2013-Nissan-Altima-Sedan The CEO of Nissan, Carlos Ghosn, thinks he’s seen the future—and it’s filled with electric cars, some with range-extending gasoline engines. Before we arrive at Ghosn’s utopian era, Nissan will offer more transitional products: A new Altima hybrid is in the pipes, as is plug-in hybrid tech in general.

“Plug-in hybrid technology is a promising path. Clearly we are working on it,” Pierre Loing, Nissan’s VP for product strategy and planning told us in a recent interview.

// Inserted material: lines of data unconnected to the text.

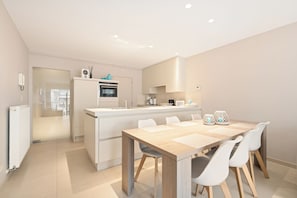 A modern kitchen with a central island, white cabinetry, and a dining area with a wooden table and chairs. - Lectus II 0101 met garage (Nieuwpoort)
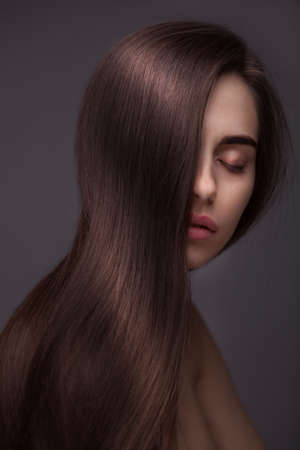 portrait of Beautiful Woman with Long Hair isolated over dark backgroundの写真素材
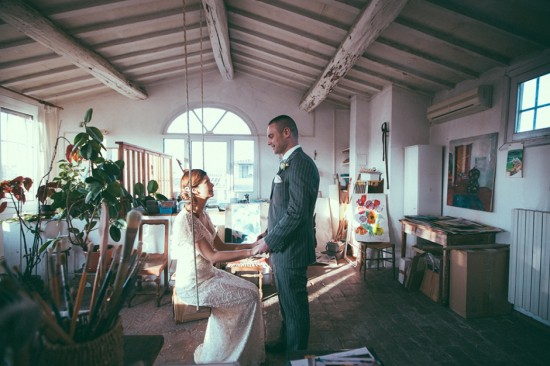 Bride and groom hold hands in art studio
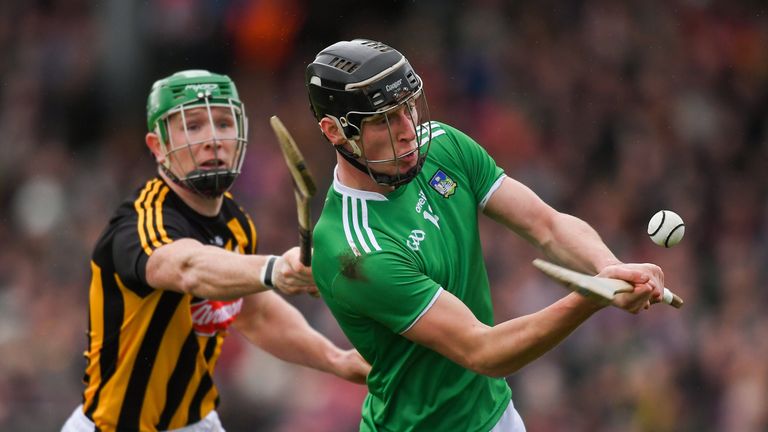 Conor Boylan of Limerick scores a point despite the efforts of Paul Murphy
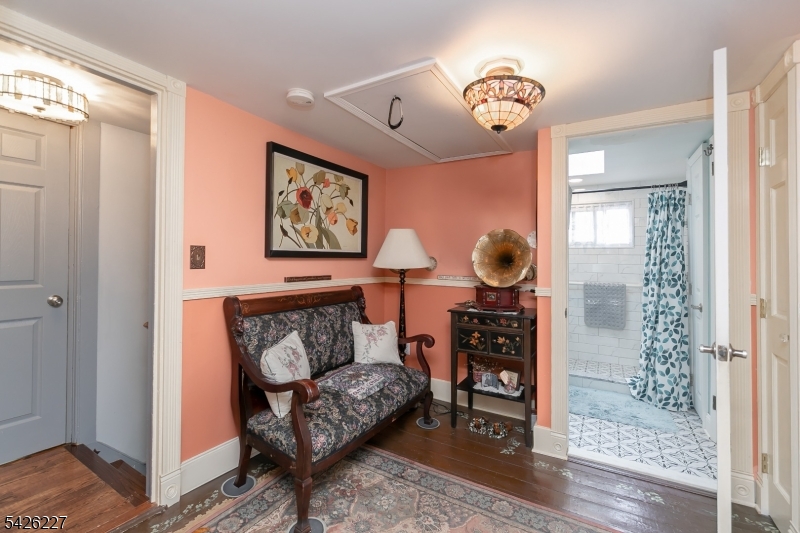 36 Main Street Flanders, NJ 07836 - Photo 23 of 49 a bedroom with a bed and wooden floor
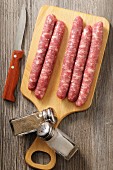 Chipolata sausages on a wooden board with a knife, pepper and salt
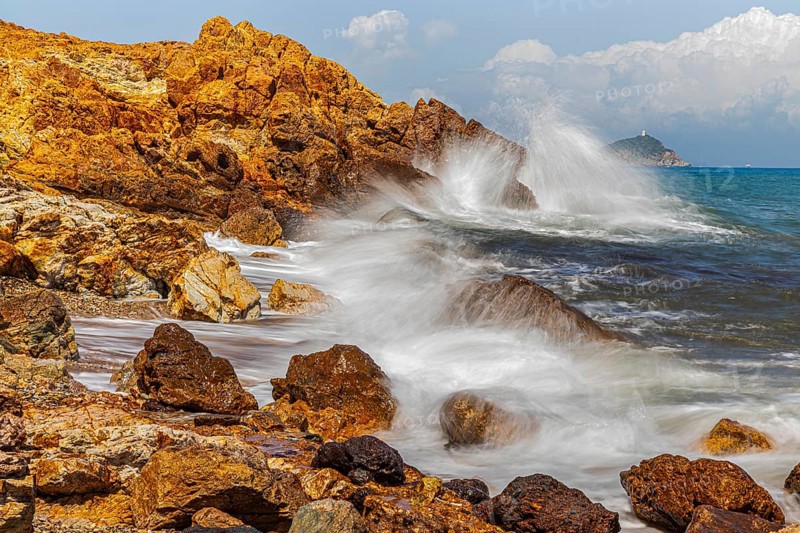 Rugged rocks and foaming spray on Topinetti beach, near Rio Marina, Elba Island, Tuscan Archipelago National Park, Tuscany, Italy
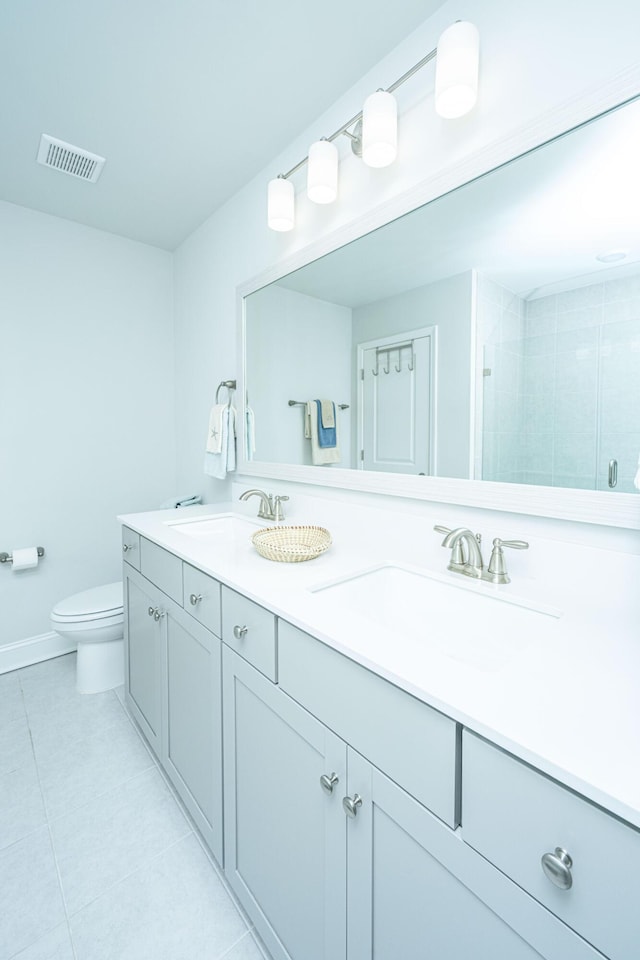 bathroom featuring tiled shower, tile patterned floors, vanity, and toilet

What’s not looking so promising is diesel in Nissan’s American future. Five years ago, Ghosn announced that Nissan would be selling diesel Maximas here by 2010. If you can remember back to 2010, you’ll recall that no such car was offered. Or any diesel Nissan. Little has changed, with several Nissan execs we spoke to sounding less-than-bullish on the subject.

Executives are far more excited to talk about the all-electric Leaf and their big expectations for its sales growth. Nissan shifted almost 9700 of them during 2011, despite being available in seven states initially and only 29 by the end of the year. The company claims sales were limited by how many its factory in Japan could crank out—this sort of story isn’t uncommon from automakers in any country—and, very believably, production was handicapped by the enormous earthquake last March.

The plan is to sell about 22,000 Leafs in the U.S. this year, says Al Castignetti, Nissan’s vice president and general manager. “After the [Tennessee-based plant] comes online at the end of this year,” he continues, “we could triple our 2012 sales in 2013.” That would mean more than 60,000 Leafs sold, a highly ambitious goal that would put the car’s sales on par with the Maxima. Sounds like Ghosn’s future may be just a year or two away.